The Employment Equity Act (EEA) effectively prohibits sexual harassment of employees by other employees and holds the employer liable in such cases even if the employer does not know that sexual harassment is going on. Specifically, section 60 of the EEA provides that, if the employer fails to take the steps necessary to deal with unfair discrimination or sexual harassment and it is proved that an employee has contravened the relevant provisions, the employer must be deemed also to have contravened that provision.
The courts have upheld this provision. For example, in the case of Christian vs Colliers Properties (2005, 5 BLLR 479) Ms Christian was appointed as a typist by the employer. Two days after starting work the owner of the business asked her if she had a boyfriend and invited her to dinner. He also invited her to sit on his lap and kissed her on the neck. When she later objected to the owner’s conduct he asked her whether she was “in or out”. When she said that she was “not in” he asked her why he should allow her employment to continue. She was dismissed with two days pay and referred to a sexual harassment dispute.
In a default judgement, the Court decided that:
• The employee had been dismissed for refusing the owner’s advances;
• This constituted an automatically unfair dismissal based on sexual discrimination; and
• Newly appointed employees are as deserving of protection from sexual harassment as are their longer-serving colleagues.
The employer had to pay the employee:
• 24 months’ remuneration in compensation;
• Additional damages;
• Interest on the amounts to be paid; and
• The employee’s legal costs.
The above finding might lead employers to believe that, in order to protect themselves, they need to dismiss any employee found guilty of sexual harassment. However, this is not always so. For example, in the case of SABC Ltd VS Grogan (2006, 2 BLLR 207) a regional sales manager was dismissed for (amongst other things) sexual harassment after he had allegedly kissed a junior female colleague several times, given her love literature and had physical contact with her in his car. An arbitrator later found that, while he was guilty of sexual harassment the level of seriousness of his conduct did not merit dismissal. This was largely because the alleged victim had not seemed to mind his advances very much and had said she thought he should not be dismissed. The arbitrator, therefore, ordered the employer to reinstate the employee. The Employer took this decision on review to Labour Court but lost again as the Court pronounced the arbitrator’s finding to have been properly thought out and justified.
The above case findings show that:
1. Employers cannot ignore sexual harassment of their employees and must act swiftly.
2. However, this does not mean that dismissal is appropriate in every case.

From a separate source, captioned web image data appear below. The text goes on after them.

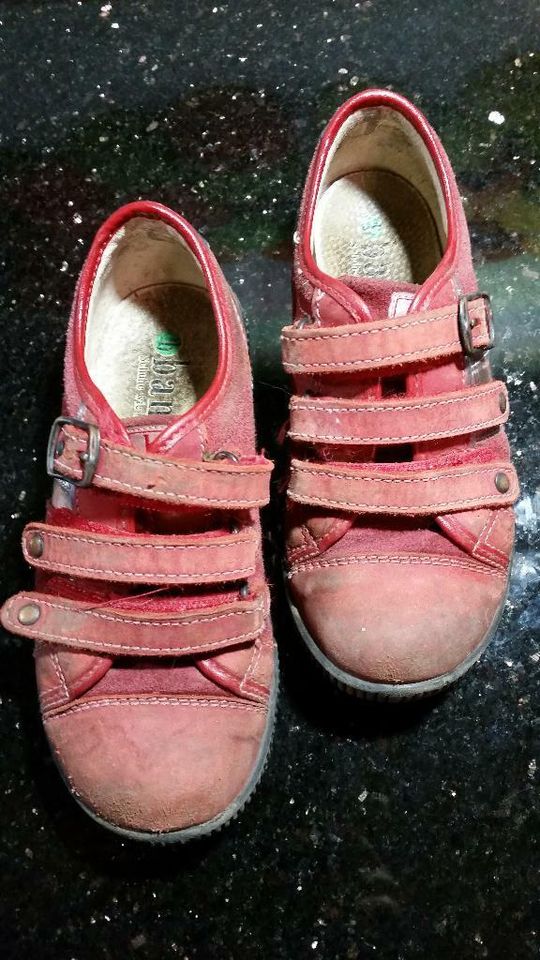 Kinder Schuhe☆HALBSCHUHE ☆Gr.30☆von BAMA☆rot☆echt LEDER in Hessisch Oldendorf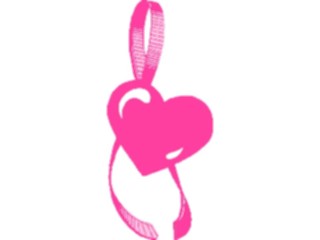 Sticker Custom Preview Image #075924 Holidays Valentines Day Heart Ribbon3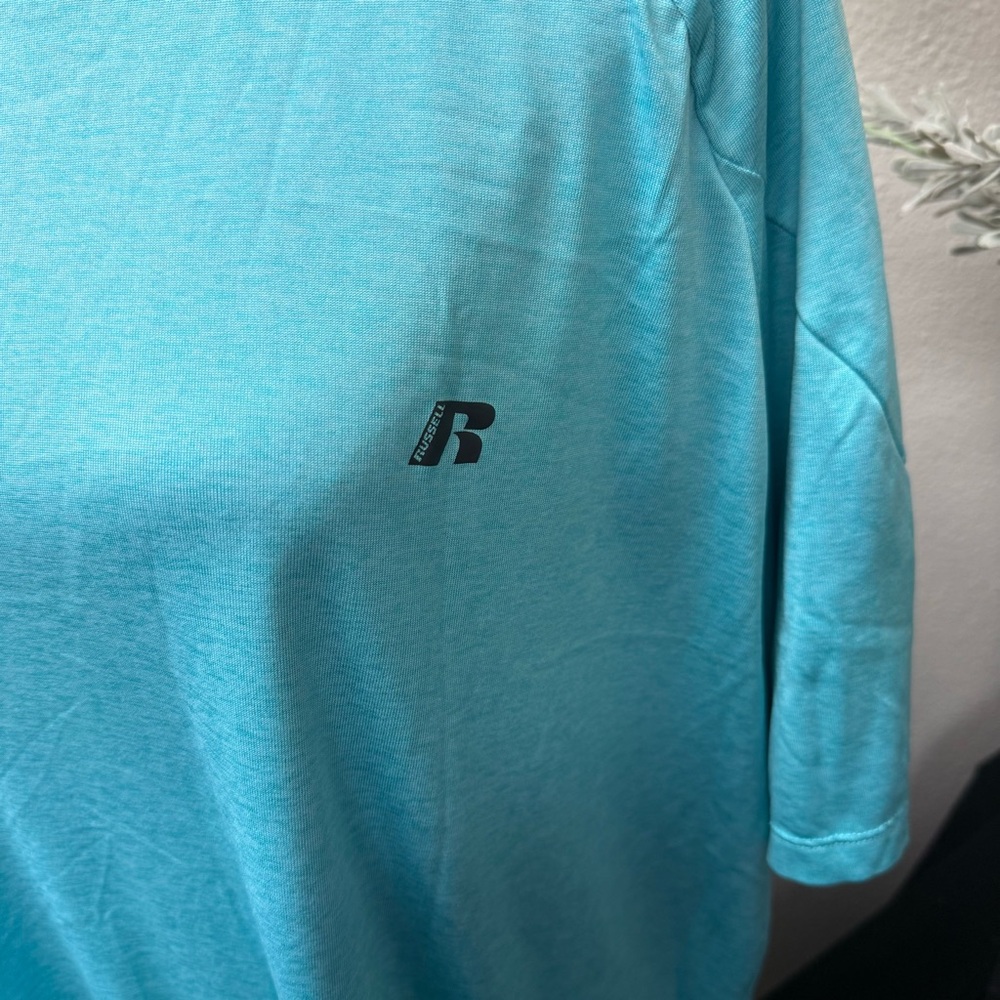 Russell Athletic 3XL Blue Dri-Power 360 Training Fit Performance Tee Shirt - Picture 2 of 8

3. Employers need to use reputable labour law experts to assist with:
• Deciding what the appropriate action should be in each individual case of sexual harassment.
• Designing a comprehensive sexual harassment policy.
• Ensuring that every owner, manager and employee knows and understands the severe consequences of committing such acts.
• Communicating to all concerned that such misconduct will result in severe penalties including possible dismissal.
• Ensuring that all employees feel entirely free to report sexual harassment.
• Training all employees in the above-listed issues as well as in what constitutes sexual harassment, how to deal with it, where to report it and the company’s supportive policy towards sexual harassment victims.